Environmental groups win a round in the war on green slime

Credit: Photo of Lower Des Plaines River by Cindy Skrukrud.

For anyone despairing over the mats of pollution-fueled algae taking over our waters - and the steadfast determination of environmental agencies to not do a damn thing about it - take heart. Environmental attorneys won an important round on Friday in the war on green slime. A two-year legal battle culminated in a decision by an Illinois appellate court vindicating our position that the permits issued to the Metropolitan Water Reclamation District of Greater Chicago for its sewage treatment plants do not sufficiently address algae-fueling pollution.

The legal battle centers around the pollutant phosphorus, referred to as a "nutrient" because it acts as a fertilizer - in a good way when it makes crops grow, but in a bad way when you dump it into the water and it makes algae grow, sometimes the toxic variety. The Clean Water Act requires that any time an agency like Illinois EPA issues a water discharge permit, it must analyze the potential impact of any pollutant in the discharge effluent. Specifically, it needs to make sure the discharge won't make the receiving waterbody violate its established "water quality standards" - meaning the regulatory determination that has been made of what is the highest and best use of the waterbody, and what the chemical composition of the water needs to be in order to protect that use.

For years, MWRD has had no limit on phosphorus in its Clean Water Act permits for its three Chicago metro area sewage treatment plants - just a general, one-sentence prohibition on discharging anything that would cause a water quality standards violation, which MWRD has pretty consistently ignored as it relates to phosphorus. Not at all coincidentally, waters downstream of the plants have been choked with algae, particularly in the warm summer months. And the Chicago area watershed - which consists predominantly of MWRD's treated sewage - has been determined to be the largest single contributor to the enormous algae-fueled "dead zone" at the mouth of the Mississippi.

Following much well-placed railing about that problem by our legal team - NRDC, Environmental Law & Policy Center, and attorney Albert Ettinger representing Sierra Club, Prairie Rivers Network, Friends of the Chicago River, and Gulf Restoration Network - Illinois EPA finally put a limit on phosphorus in the MWRD permits issued in December 2013. That may sound like a happy ending, but it wasn't. The limit - 1 milligram per liter (mg/L) of phosphorus - is way too high to even make a dent in the algae problem. By comparison, Wisconsin is imposing a limit that's 10 times less, and the U.S. EPA has determined that an even lower number (.076) is generally required in this region to keep the slime mats from forming.
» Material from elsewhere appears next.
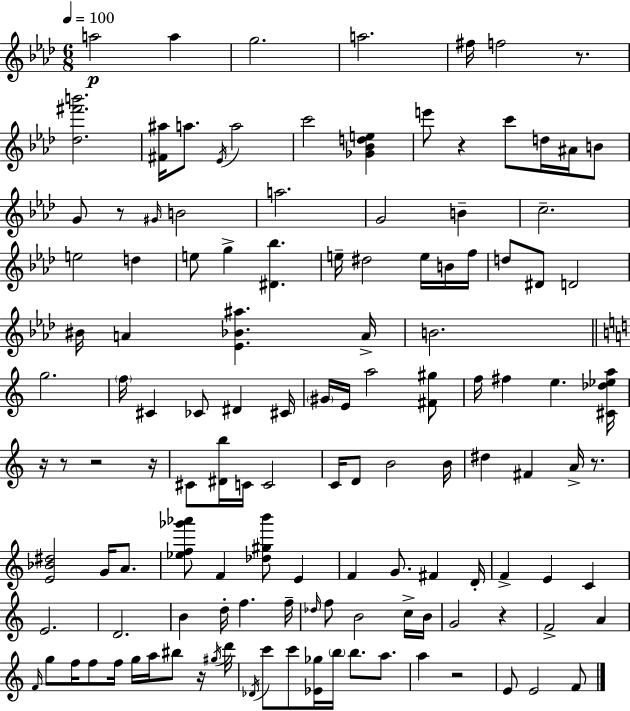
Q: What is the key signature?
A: AES major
More to the legal point, Illinois EPA did none of the calculation legwork required by the Clean Water Act to determine whether the high number they picked would prevent water quality standards violations - probably because everyone pretty much knows it won't. Instead, it just slapped in the number that MWRD volunteered for. Yup, you heard that right. Our pollution watchdog agency is letting polluters pick their own limits.
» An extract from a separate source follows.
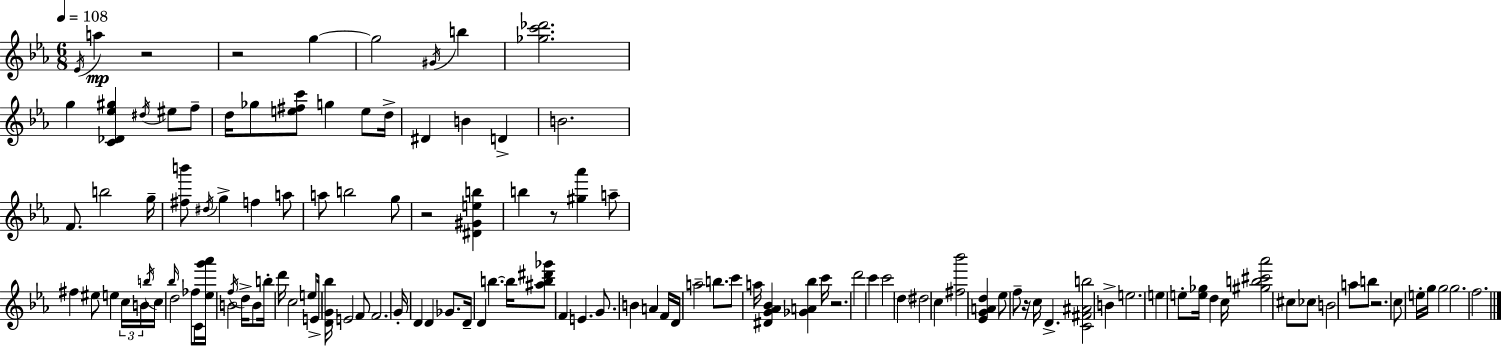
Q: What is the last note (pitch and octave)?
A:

So we appealed the permit. And lost the first round. In our initial permit challenge before the Illinois Pollution Control Board, the Board upheld the permits issued by Illinois EPA. But the Illinois Appellate Court on Friday reversed the Board's decision and sent the permits back for further review. Specifically, the Court held that the Board was wrong to grant "summary judgment" against us and in favor of MWRD - that is, a determination that there are no factual disputes that need to be resolved before a ruling can be made. The Appellate Court said that there was, indeed, a critical factual question whether the very high phosphorus limit that MWRD volunteered for is sufficient to prevent water quality standards violations - with the pretty strong implication being that it isn't.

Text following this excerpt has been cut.